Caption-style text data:

+++++

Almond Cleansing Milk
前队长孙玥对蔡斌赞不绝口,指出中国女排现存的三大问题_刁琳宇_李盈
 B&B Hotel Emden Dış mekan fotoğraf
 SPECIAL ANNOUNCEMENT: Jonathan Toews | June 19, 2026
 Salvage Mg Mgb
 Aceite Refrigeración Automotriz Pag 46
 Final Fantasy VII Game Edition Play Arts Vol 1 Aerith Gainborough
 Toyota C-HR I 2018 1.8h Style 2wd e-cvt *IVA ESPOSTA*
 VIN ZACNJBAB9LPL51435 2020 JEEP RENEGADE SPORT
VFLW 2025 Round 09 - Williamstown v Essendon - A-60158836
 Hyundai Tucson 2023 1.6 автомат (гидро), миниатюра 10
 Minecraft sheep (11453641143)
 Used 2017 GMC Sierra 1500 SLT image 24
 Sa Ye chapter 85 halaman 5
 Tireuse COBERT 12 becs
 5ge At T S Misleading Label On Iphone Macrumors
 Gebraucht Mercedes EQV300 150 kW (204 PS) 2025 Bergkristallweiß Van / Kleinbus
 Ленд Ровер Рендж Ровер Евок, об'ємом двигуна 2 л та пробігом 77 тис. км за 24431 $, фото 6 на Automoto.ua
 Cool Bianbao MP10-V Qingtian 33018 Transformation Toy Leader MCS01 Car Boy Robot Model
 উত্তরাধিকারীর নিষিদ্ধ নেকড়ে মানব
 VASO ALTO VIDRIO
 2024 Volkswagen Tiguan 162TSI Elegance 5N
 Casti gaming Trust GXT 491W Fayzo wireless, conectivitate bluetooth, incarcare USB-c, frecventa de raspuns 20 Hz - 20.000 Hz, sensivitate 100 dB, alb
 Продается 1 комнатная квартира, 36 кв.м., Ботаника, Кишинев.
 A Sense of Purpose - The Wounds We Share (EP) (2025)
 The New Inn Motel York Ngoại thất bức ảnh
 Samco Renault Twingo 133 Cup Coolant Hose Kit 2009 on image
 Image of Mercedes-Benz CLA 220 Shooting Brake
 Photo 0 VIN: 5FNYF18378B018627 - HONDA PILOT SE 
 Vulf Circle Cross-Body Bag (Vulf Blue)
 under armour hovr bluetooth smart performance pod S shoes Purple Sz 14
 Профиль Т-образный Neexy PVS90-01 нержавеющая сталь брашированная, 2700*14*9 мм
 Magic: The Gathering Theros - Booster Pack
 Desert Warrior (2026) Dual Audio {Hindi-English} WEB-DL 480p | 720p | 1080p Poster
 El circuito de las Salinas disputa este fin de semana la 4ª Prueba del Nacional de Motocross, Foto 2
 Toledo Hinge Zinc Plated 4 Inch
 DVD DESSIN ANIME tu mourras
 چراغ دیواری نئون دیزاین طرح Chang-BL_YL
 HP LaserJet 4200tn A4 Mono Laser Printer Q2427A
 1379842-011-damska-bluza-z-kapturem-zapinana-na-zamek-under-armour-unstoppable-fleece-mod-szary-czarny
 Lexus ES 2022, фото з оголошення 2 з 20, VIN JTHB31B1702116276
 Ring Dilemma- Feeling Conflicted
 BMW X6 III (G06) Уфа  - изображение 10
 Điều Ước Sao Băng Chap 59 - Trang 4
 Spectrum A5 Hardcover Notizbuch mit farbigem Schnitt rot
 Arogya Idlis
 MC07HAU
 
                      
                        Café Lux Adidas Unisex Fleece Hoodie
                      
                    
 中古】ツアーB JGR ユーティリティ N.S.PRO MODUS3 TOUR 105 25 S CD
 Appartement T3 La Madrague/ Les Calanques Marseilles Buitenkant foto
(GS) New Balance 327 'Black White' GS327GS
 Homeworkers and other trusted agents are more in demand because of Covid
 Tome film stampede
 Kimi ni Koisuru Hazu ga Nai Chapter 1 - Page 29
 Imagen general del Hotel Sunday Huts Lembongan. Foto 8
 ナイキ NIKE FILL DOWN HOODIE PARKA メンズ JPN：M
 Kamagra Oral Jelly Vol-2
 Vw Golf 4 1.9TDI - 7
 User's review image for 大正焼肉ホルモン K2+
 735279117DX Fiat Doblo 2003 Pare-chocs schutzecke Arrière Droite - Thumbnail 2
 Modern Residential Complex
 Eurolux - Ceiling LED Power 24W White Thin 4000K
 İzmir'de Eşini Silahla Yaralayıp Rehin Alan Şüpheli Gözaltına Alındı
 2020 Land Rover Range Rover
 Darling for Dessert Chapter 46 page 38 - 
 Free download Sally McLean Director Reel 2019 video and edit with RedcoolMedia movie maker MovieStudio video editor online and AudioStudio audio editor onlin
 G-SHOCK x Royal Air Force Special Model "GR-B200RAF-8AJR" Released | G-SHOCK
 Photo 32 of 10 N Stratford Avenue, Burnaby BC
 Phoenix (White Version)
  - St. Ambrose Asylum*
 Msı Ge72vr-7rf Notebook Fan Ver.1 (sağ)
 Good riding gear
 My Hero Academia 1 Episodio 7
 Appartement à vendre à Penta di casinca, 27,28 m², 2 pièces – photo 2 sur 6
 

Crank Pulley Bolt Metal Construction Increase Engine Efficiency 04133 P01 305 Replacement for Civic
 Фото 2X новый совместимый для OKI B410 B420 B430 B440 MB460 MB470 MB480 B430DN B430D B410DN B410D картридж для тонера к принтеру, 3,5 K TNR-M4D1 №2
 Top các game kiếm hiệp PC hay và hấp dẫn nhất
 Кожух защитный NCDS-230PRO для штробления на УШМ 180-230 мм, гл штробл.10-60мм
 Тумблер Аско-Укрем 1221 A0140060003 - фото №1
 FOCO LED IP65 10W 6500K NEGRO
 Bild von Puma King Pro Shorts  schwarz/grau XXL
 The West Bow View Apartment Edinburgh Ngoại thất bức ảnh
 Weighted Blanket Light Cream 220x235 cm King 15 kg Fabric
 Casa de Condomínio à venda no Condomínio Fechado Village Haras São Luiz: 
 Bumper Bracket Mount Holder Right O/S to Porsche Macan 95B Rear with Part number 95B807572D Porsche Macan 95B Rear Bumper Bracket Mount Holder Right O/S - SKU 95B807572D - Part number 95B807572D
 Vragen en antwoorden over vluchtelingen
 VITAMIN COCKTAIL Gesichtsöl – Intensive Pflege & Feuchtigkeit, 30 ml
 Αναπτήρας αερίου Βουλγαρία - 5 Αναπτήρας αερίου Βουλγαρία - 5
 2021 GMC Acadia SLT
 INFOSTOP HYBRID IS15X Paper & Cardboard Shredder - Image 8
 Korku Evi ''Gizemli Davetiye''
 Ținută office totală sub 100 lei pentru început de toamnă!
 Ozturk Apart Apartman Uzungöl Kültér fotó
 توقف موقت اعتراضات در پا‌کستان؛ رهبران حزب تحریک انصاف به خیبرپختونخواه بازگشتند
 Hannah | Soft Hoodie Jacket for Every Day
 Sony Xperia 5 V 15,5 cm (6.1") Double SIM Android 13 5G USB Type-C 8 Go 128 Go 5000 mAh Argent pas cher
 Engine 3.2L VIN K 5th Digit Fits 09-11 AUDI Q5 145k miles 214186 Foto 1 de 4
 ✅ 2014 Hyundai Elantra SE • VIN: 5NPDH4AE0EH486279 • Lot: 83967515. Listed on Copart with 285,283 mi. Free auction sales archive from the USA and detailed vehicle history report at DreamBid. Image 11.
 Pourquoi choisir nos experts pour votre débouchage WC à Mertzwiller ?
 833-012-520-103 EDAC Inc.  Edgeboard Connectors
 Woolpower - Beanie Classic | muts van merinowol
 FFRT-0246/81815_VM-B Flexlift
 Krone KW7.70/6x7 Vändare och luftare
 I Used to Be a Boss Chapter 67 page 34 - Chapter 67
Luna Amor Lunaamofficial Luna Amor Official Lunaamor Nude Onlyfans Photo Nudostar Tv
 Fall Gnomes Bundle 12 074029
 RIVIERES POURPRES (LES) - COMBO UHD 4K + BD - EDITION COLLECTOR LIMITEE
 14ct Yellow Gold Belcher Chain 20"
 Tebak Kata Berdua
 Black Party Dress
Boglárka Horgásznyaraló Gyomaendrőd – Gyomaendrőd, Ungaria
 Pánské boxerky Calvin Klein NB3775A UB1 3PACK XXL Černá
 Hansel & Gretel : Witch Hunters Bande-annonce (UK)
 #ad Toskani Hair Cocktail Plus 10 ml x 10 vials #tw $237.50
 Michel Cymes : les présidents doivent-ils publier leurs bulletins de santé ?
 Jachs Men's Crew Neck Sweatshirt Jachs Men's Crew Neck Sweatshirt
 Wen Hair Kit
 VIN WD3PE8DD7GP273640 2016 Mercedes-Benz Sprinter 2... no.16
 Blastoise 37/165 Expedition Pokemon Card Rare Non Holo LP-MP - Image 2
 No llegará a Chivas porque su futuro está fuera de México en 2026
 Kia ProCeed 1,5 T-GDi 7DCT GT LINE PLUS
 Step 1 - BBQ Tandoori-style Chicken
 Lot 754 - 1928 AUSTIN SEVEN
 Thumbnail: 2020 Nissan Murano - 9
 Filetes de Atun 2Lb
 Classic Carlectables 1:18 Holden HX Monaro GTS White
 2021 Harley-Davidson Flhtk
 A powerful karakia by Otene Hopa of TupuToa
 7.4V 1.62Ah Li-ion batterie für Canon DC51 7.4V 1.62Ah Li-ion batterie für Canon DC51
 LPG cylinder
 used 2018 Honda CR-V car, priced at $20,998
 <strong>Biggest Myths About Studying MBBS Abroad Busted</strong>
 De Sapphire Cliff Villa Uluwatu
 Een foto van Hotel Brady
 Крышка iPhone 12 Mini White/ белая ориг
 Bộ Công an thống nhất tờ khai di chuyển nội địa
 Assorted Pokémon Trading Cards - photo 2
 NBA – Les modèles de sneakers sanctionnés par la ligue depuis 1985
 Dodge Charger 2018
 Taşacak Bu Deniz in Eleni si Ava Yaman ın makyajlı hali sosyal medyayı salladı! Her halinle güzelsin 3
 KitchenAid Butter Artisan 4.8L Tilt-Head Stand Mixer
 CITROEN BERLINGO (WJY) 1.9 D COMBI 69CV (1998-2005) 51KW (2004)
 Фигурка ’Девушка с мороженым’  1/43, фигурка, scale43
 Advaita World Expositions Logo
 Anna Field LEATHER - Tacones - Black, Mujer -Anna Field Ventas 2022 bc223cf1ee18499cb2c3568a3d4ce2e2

+++++

- Instructions for the task -
Would you copy, unchanged, the stretch of the records above that begins at the line containing "Профиль Т-образный Neexy" and ends at the line containing "Café Lux Adidas", and only that?

- Task output -
 Профиль Т-образный Neexy PVS90-01 нержавеющая сталь брашированная, 2700*14*9 мм
 Magic: The Gathering Theros - Booster Pack
 Desert Warrior (2026) Dual Audio {Hindi-English} WEB-DL 480p | 720p | 1080p Poster
 El circuito de las Salinas disputa este fin de semana la 4ª Prueba del Nacional de Motocross, Foto 2
 Toledo Hinge Zinc Plated 4 Inch
 DVD DESSIN ANIME tu mourras
 چراغ دیواری نئون دیزاین طرح Chang-BL_YL
 HP LaserJet 4200tn A4 Mono Laser Printer Q2427A
 1379842-011-damska-bluza-z-kapturem-zapinana-na-zamek-under-armour-unstoppable-fleece-mod-szary-czarny
 Lexus ES 2022, фото з оголошення 2 з 20, VIN JTHB31B1702116276
 Ring Dilemma- Feeling Conflicted
 BMW X6 III (G06) Уфа  - изображение 10
 Điều Ước Sao Băng Chap 59 - Trang 4
 Spectrum A5 Hardcover Notizbuch mit farbigem Schnitt rot
 Arogya Idlis
 MC07HAU
 
                      
                        Café Lux Adidas Unisex Fleece Hoodie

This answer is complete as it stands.